Brief descriptive captions

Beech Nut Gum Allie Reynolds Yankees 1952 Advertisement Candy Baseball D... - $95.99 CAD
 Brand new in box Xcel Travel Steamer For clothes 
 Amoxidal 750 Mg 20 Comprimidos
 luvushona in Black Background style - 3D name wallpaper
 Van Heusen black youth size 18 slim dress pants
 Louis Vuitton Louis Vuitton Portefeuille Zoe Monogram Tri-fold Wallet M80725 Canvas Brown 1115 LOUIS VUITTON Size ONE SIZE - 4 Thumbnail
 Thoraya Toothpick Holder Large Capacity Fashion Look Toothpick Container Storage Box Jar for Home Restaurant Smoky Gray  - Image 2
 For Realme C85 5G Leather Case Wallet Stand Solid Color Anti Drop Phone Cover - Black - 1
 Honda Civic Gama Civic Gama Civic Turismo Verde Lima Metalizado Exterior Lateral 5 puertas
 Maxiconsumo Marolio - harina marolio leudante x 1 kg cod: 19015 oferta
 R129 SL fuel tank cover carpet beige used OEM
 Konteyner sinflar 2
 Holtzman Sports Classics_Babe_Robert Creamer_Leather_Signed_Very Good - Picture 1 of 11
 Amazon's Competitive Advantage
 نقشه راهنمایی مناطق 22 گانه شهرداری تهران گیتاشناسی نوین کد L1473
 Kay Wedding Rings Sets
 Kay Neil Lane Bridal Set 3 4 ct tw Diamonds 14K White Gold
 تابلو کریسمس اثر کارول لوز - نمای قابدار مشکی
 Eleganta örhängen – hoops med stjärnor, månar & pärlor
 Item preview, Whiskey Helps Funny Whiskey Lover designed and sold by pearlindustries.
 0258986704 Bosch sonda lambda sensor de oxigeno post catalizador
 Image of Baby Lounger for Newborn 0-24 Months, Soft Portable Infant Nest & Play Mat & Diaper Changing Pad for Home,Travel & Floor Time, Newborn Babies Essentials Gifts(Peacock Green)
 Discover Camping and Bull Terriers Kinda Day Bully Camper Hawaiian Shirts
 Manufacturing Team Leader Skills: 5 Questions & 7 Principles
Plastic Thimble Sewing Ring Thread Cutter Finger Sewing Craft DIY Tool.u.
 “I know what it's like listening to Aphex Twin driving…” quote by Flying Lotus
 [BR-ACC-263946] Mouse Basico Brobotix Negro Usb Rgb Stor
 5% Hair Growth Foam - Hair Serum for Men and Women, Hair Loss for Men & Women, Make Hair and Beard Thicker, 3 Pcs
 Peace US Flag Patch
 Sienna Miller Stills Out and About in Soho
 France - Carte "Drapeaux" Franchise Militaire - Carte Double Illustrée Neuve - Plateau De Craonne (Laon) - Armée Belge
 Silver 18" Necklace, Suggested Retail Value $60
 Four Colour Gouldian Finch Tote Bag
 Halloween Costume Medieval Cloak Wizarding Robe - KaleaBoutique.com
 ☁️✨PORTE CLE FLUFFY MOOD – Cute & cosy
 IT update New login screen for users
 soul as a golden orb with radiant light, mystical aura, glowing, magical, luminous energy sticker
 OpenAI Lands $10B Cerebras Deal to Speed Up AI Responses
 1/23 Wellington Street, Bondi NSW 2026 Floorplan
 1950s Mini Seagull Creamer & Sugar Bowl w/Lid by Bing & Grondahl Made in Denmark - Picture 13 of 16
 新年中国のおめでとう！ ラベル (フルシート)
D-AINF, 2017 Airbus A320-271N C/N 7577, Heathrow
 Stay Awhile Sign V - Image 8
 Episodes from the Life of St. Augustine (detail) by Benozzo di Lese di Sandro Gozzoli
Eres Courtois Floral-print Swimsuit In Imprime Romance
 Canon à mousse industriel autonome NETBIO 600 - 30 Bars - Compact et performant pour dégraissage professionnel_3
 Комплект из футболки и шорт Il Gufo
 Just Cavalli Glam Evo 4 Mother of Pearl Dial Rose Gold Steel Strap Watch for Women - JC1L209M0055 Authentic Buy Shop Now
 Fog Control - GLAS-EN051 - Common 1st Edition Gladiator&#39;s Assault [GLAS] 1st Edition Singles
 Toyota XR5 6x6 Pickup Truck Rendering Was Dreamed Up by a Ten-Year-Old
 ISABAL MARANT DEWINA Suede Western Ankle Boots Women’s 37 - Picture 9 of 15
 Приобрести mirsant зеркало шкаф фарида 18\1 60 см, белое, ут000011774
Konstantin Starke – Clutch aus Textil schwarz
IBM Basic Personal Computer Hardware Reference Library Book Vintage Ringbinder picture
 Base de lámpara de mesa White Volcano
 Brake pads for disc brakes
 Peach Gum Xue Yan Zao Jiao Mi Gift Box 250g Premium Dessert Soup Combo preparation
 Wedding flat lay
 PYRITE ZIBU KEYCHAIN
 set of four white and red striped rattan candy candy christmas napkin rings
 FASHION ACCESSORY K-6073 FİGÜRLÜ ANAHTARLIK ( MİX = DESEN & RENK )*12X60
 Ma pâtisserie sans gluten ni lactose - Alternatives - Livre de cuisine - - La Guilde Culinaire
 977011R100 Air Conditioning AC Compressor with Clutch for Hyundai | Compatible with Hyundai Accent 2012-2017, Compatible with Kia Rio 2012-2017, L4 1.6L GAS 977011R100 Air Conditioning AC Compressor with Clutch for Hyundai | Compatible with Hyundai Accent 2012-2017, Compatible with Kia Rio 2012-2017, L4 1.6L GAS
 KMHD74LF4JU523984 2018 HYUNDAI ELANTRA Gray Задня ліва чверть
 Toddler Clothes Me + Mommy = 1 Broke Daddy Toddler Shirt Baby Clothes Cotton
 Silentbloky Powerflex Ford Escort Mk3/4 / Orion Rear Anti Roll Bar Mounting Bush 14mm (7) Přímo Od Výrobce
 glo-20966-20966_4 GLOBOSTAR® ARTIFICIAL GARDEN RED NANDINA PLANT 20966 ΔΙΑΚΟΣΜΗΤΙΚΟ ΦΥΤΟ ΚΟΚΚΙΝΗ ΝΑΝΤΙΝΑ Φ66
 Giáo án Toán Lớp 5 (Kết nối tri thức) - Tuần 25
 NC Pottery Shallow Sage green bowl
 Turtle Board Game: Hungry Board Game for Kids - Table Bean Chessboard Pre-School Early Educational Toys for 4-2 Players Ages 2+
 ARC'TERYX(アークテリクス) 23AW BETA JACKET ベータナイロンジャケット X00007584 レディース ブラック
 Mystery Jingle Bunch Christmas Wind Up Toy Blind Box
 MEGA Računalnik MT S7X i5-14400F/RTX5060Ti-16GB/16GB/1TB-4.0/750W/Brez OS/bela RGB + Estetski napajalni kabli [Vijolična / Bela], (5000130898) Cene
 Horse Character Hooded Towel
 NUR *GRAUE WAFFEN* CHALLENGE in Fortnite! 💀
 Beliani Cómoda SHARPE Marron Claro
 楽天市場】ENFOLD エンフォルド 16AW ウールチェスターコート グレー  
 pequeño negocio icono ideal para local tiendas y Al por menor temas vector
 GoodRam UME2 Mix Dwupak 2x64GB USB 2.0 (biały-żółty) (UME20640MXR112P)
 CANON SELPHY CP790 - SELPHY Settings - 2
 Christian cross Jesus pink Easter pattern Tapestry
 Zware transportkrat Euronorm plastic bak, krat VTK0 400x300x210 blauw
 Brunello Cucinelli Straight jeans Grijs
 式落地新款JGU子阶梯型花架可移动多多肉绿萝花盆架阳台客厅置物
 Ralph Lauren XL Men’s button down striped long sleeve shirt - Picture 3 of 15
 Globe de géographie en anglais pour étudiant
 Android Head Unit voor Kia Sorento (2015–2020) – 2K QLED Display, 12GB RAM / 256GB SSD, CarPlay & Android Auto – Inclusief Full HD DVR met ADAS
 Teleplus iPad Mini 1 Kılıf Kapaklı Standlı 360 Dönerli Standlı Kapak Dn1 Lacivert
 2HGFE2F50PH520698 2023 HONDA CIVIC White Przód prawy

[TASK DESCRIPTION] Work out how many lines of the data include the word "Image", and write that number alone.

[ANSWER TO THIS EXERCISE] 3